**Task brief**
Would you retype exactly the lines below, starting with the one that has "As you can see, I" and going on through the one that has "If you want", with no pictures and nothing else?

**Data shown**

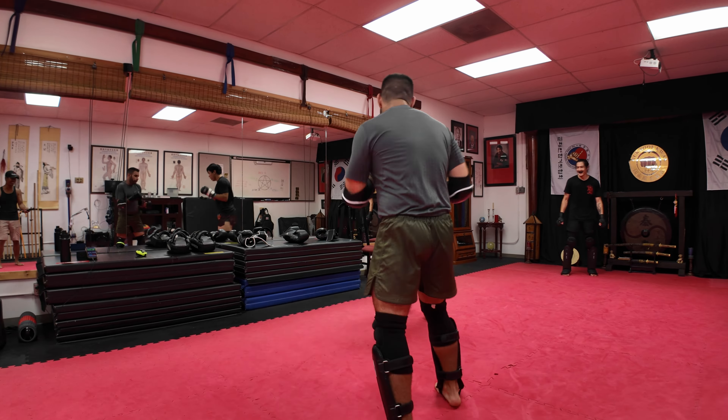Good front kick. Good one, Fernando — very good exchange. Very good. Good exchange, guys. That was good. Love the control, guys. Looks good.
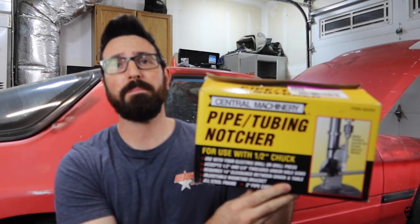What's up guys? Welcome back to another video here on Muddy Beards 4x4. Today we're going to be talking about the Harbor Freight pipe tube notcher. Is it worth it? Should you buy it or spend your money elsewhere?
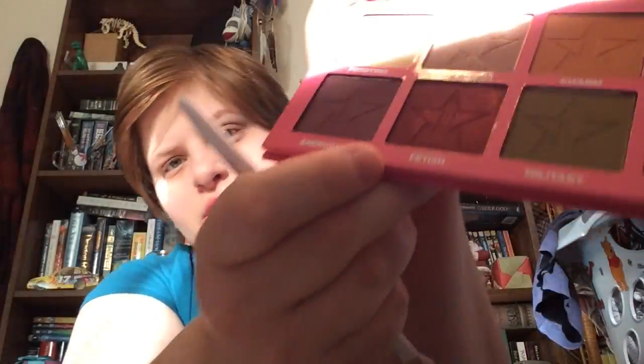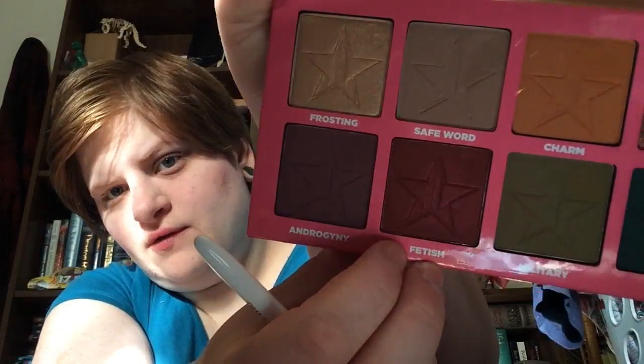Clean off the brush and take the same brush and put that in your crease and in the outer part of it over the lash line. I'm going to go back and just tone things down a bit.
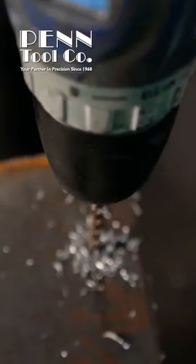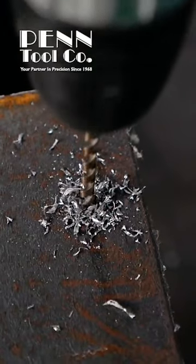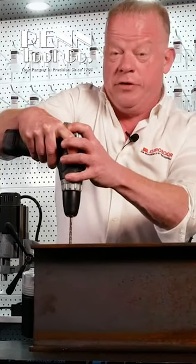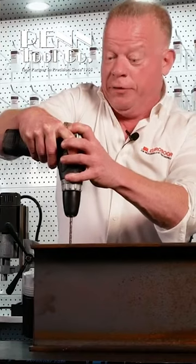As you can see, I don't need to use a lot of power. You can see the chips coming out very nice. And even with this cheap machine, it's very easy to make a hole in steel.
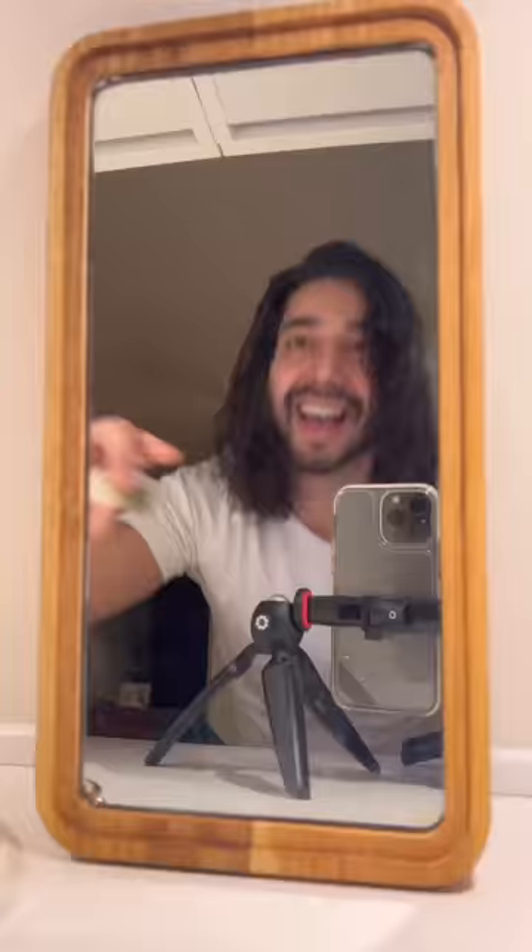If you want to make everyday life a little bit easier, here's what you do. Carpet stains: just sprinkle some salt on it, baking soda and a little bit of water, rub it in and watch the magic happen. Streak-free mirrors: just dip a tea bag in some water and use it to clean your mirrors — crystal clear.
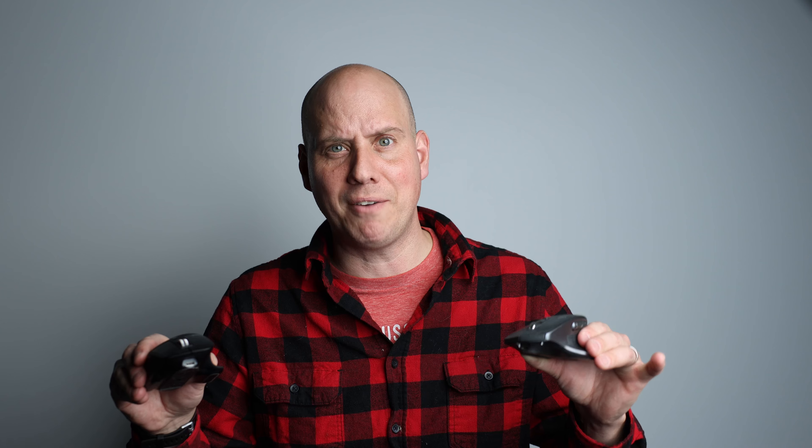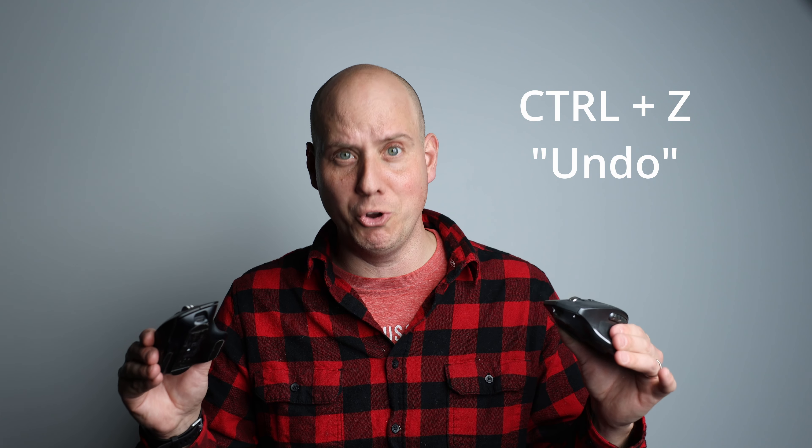Why are they amazing? They're programmable. Every single button can be programmed for cutting, for pasting, for any kind of edit specific to any application you want. Each application can have its own specific macros, which is amazing because it makes your workflow a lot faster. So when I'm editing, I'm editing with my right hand on the mouse — cutting, pasting — and on my left hand, Ctrl-Z a lot because I'm making mistakes.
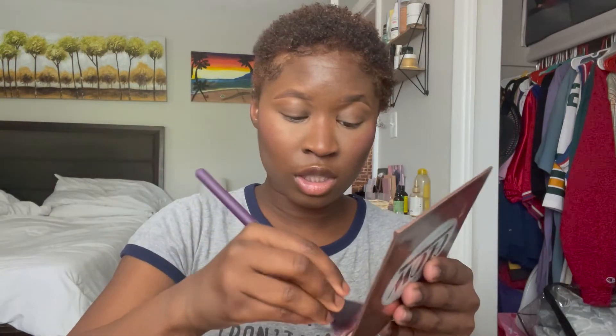For highlighter I'm going to use the Ace Beauty Glow Essentials Highlighting Kit. I'm going to take the Royal and Langnickel fan brush and pick up the glowing shade. I literally just squeeze the brush, get some product on there, and tap it off.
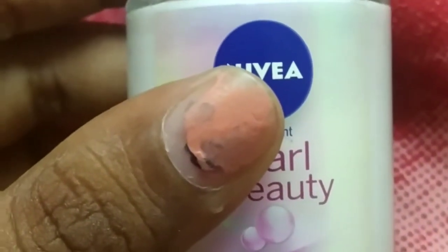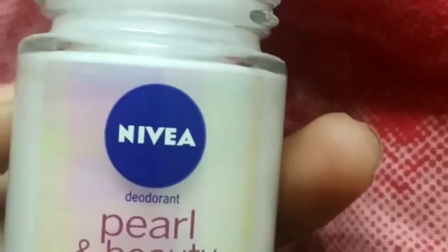This is the outer coverage, and the glass is smooth and beautiful. It is 100 grams and 0% alcohol free. We are going to see the effect of this 100 gram deodorant.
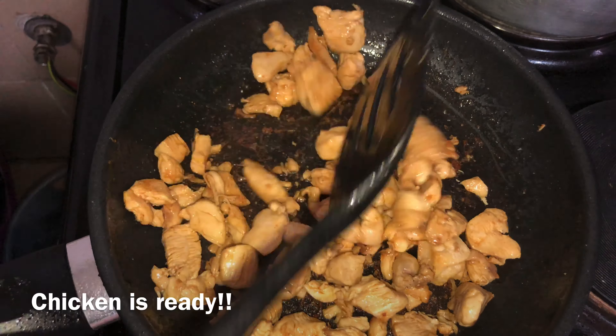Once the onions and peppers are cooked, I'll set them aside and use the same pan to lightly fry my baby marrow and the carrots. I'll just add salt and nothing else, and fry them for about five minutes so they still maintain their crunchiness but are cooked enough to be enjoyed.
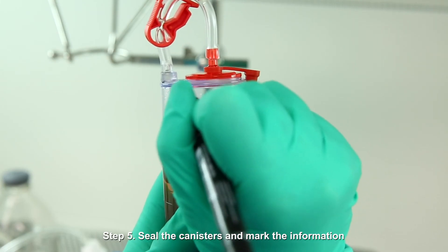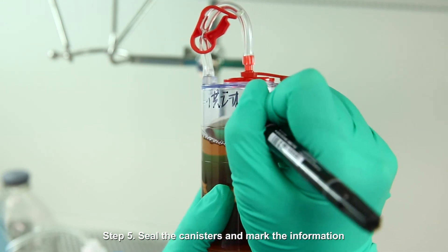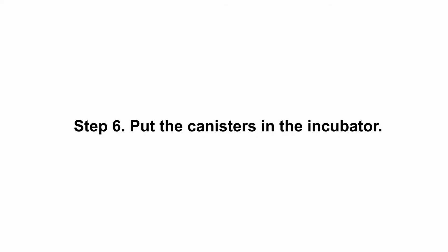Step 5: Seal the canisters and log the information. Step 6: Put the canisters into the incubator.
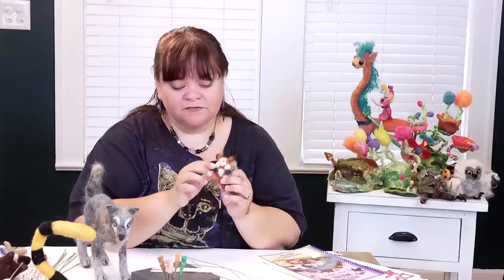Hi, welcome to Gypsy Felting. Today we're going to talk about how to build a wire framework to do some felting over, to give your creations some moveability and poseability so you can make them do little things.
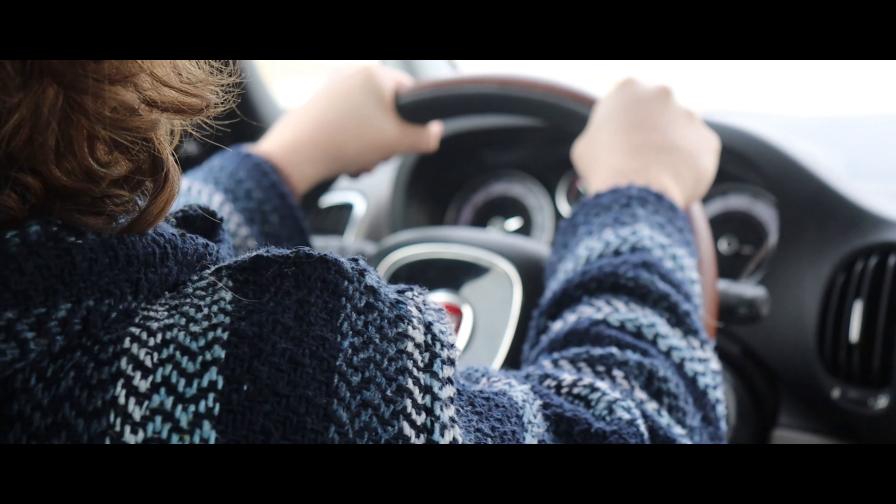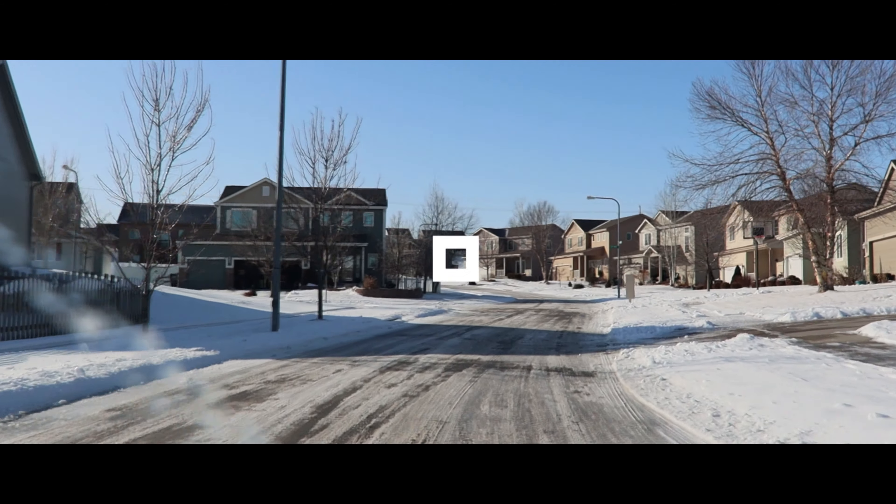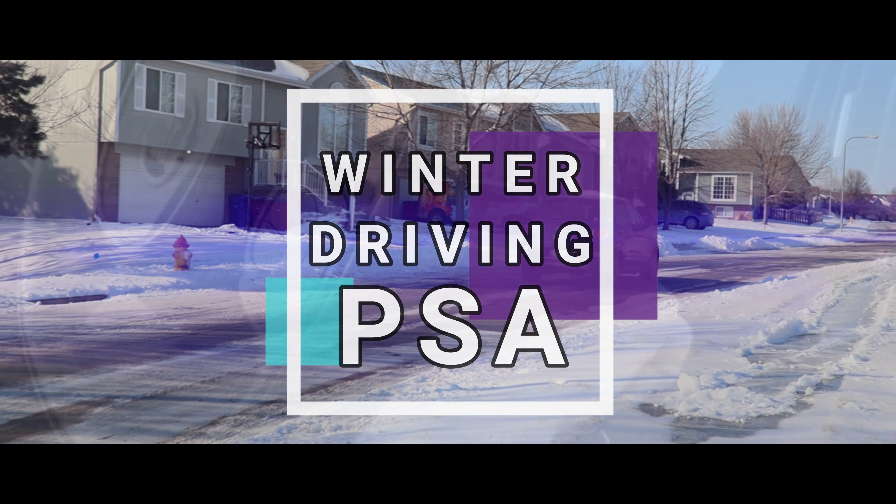Driving during the winter season can be a very problematic task to accomplish. In this short video, we'll be going over some crucial tips to ensure safe travels this winter.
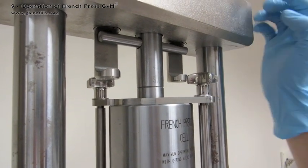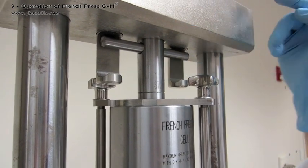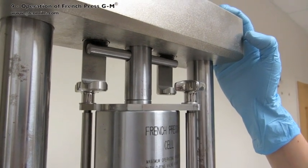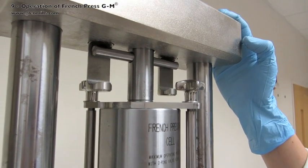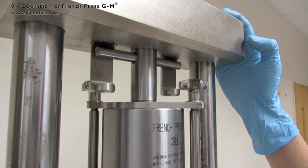Keep watching the piston stop marking. When the stop line reaches the cell body, switch to pause. Though there is an internal cutoff safety switch, the user must be ready to shut the system off. The run is completed.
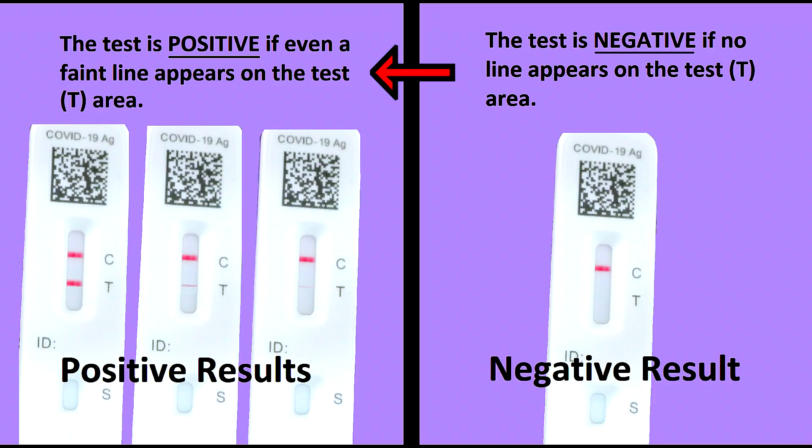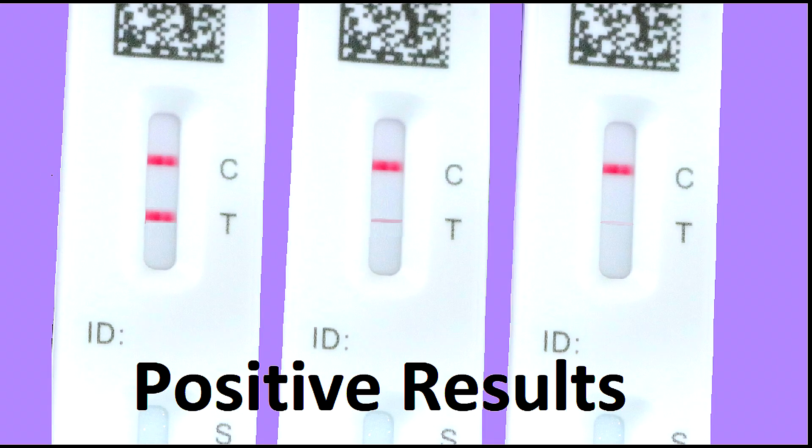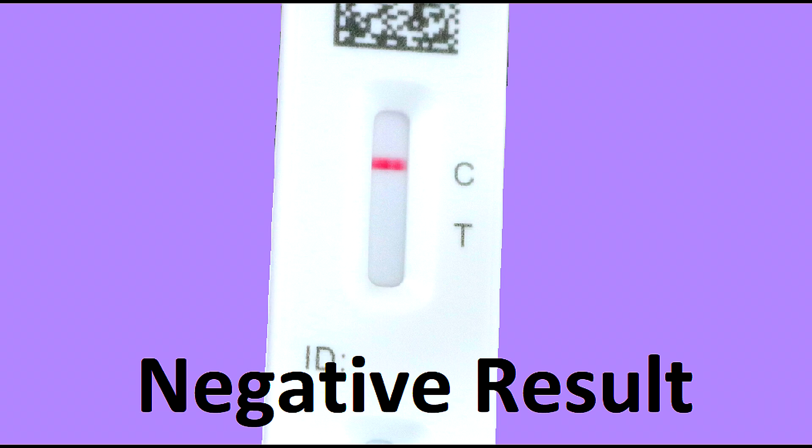Here is what a positive test result looks like. Notice there's a line in the control area and the test area. And this is what a negative test result looks like. There is a line in the control area, but there is not a line in the test area.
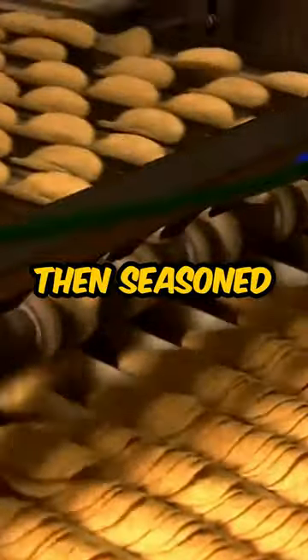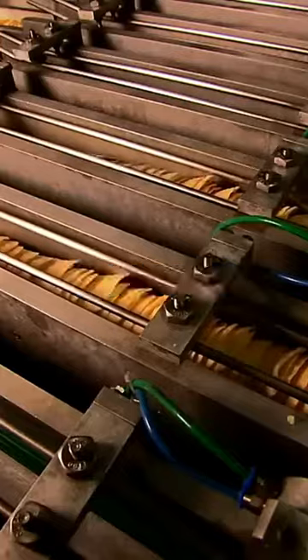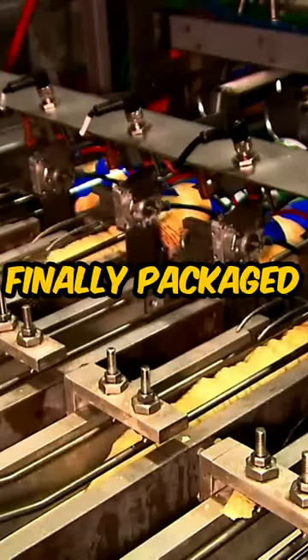The blower then blows away the excess oil. The chips are then seasoned and shaken up to loosen the stacks. Then they are finally packaged.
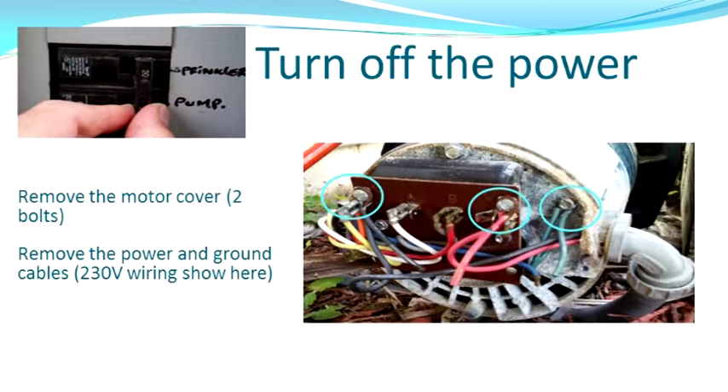First thing we're going to do is turn the power off. Make sure you turn the power off at the circuit breaker — don't use the little pump switch. Then go ahead and pull the cap off the end and remove the wires. Mine is 230 volt, which is what you're seeing in the picture. This unit also supports 120, so you might have 120 wiring — make sure you pay attention to that.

**Problem solution**
As you can see, I don't need to use a lot of power. You can see the chips coming out very nice. And even with this cheap machine, it's very easy to make a hole in steel.
If you want to make everyday life a little bit easier, here's what you do. Carpet stains: just sprinkle some salt on it, baking soda and a little bit of water, rub it in and watch the magic happen. Streak-free mirrors: just dip a tea bag in some water and use it to clean your mirrors — crystal clear.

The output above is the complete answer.